“I don’t really follow production trends. I want to sound like myself.” UNIIQU3 talks about inspiration.
For the unfamiliar, Jersey Club music has roots in Baltimore club of the early 2000s—blended with house, juke and R&B influences.
The rhythm is driven by a heavy broken kick pattern layered with energetic vocal samples. The tempo is around a swooping 135-145 BPM.
UNIIQU3 has since delivered Newark’s sound to the world. She’s been playing all over the world, working with artists like Brenmar, Baauer, and Diplo. Last year she played a bumping Boiler Room set. Resident Advisor and BBC Radio 1 have showcased her mixes.
What’s keeping her fire burning bright? “I just wanna do me—make music and help other people like me do cool shit. The hope is that one day the world could become a better place.”
The multi-talented UNIIQU3 tells us how inspiration shapes her production process and how she gets things done.
How do you define inspiration?
Inspiration comes in many different forms for me. I could be experiencing something good or bad. Sometimes it could be just an item or person. It all depends.
Where does inspiration come into play in your production process?
I really have to love what I’m working on.
When it comes to remixes, it’s usually the beat or the lyrics that really stand out to me. That’s what will make me want to start the production process.
When I’m working on originals I’ll play some of my favourite songs before I start on something or record loose vocals to start off the process.
Sometimes I have way more inspiration to produce a massive amount of music and sometimes I don’t. I never force it anymore.
As I’ve been growing as a producer I’ve came to realize not everything I start may see the light of day—and that’s okay.
What are 5 things you draw inspiration from and how do they help you make music?
I love going to concerts, standing in the middle of the crowds in the pit so I can take in the full musical and visual experience.
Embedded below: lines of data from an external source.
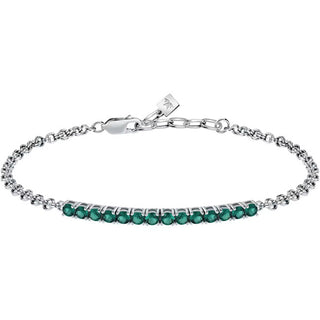 Morellato Bracelet moderne en argent avec zircons Tennis Satt20 
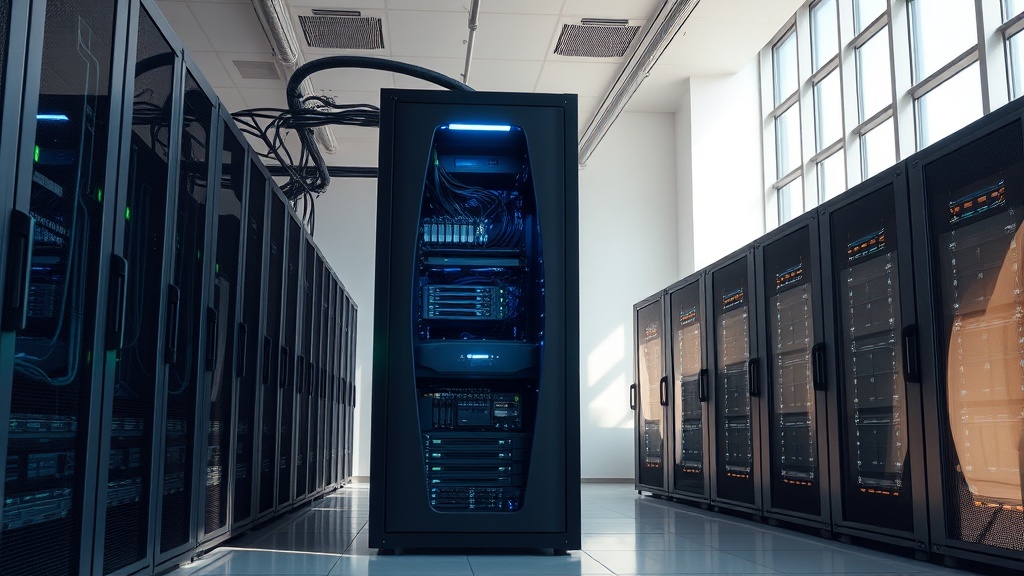 Sustentabilidade e segurança física em sistemas de racks modernos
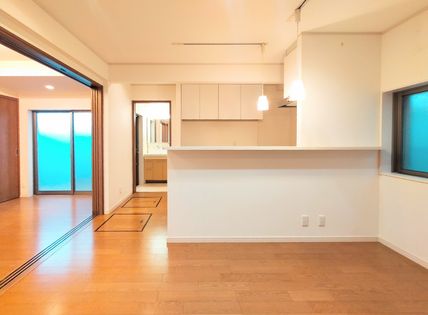 淀川区塚本5丁目 リビング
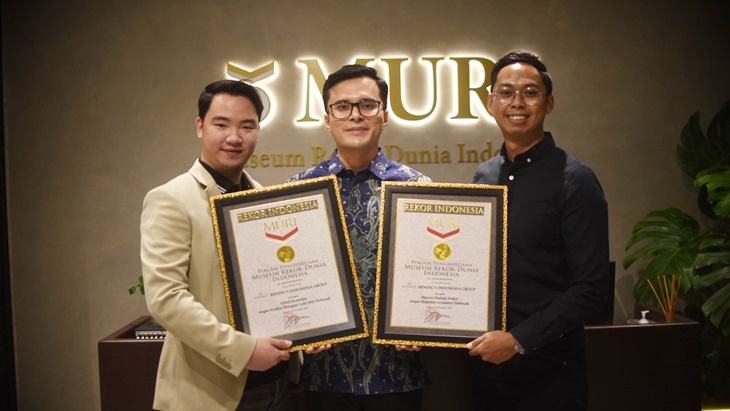 Bening's Clinic Pecahkan Rekor MURI Penjualan E-Commerce Terbanyak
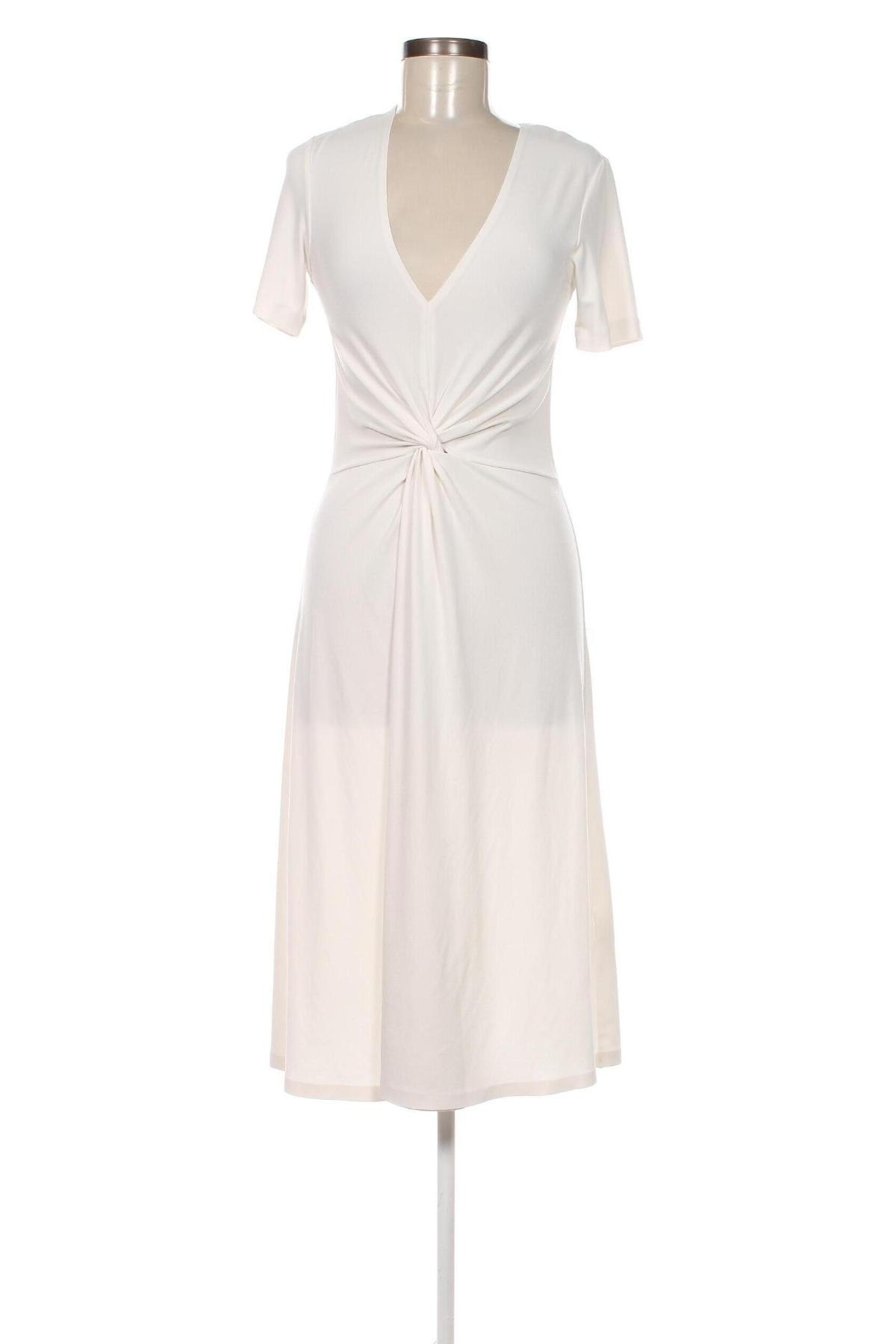 Kleid By Malene Birger, Größe S, Farbe Weiß, Preis 50,30 €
So far my favorite acts that I’ve saw this summer was Cashmere Cat, MikeQ and and Kučka.
What are the production tools and techniques you currently find most inspiring?
I still use my laptop. I produce on Ableton, which I’m fairly new to. Sometimes I’ll use my piano keyboard. I don’t really follow production trends because I want to sound like myself. I do plan on getting an MPC so I can feel the music instead of programming everything in with a mouse.
For your latest release “Trunk” on Nina Las Vegas’s label NLV Records, you collaborated with another Jersey Club star—the producer DJ YungKiidd. How does collaboration work for your inspiration?
Usually when I collaborate I’ll send a ZIP back and forth, if I can’t physically be in the studio with the person I’m working on the track with.
The collaborator and I would usually just feed off each other’s energy—which is the best.
Sometime’s I’ll send over vocal ideas to the other producer and have them start on something and I’ll finish it off. No routine process for me. I hate routines!
What are 5 tips you could give someone if they have a creative block in music?
- Do a remix
- Listen to your previous releases
- Collaborate with another producer
- Watch DJ sets from people you admire
- Workout to your music, and music similar to you. ( You’ll be doing something good for your body and you’ll get so amped from the mix!)
Do you work best with limitless possibilities or within a set frame?
I usually set up a time frame. I’m realistic and I don’t like to waste my time. I’m my biggest critic, so sometimes I’ll sit on a track way longer than I want to—but I know when it’s time to get shit done. I usually set weekly “to do’s” then a list of things I wish to accomplish before the end of each month. It reminds me of my priorities.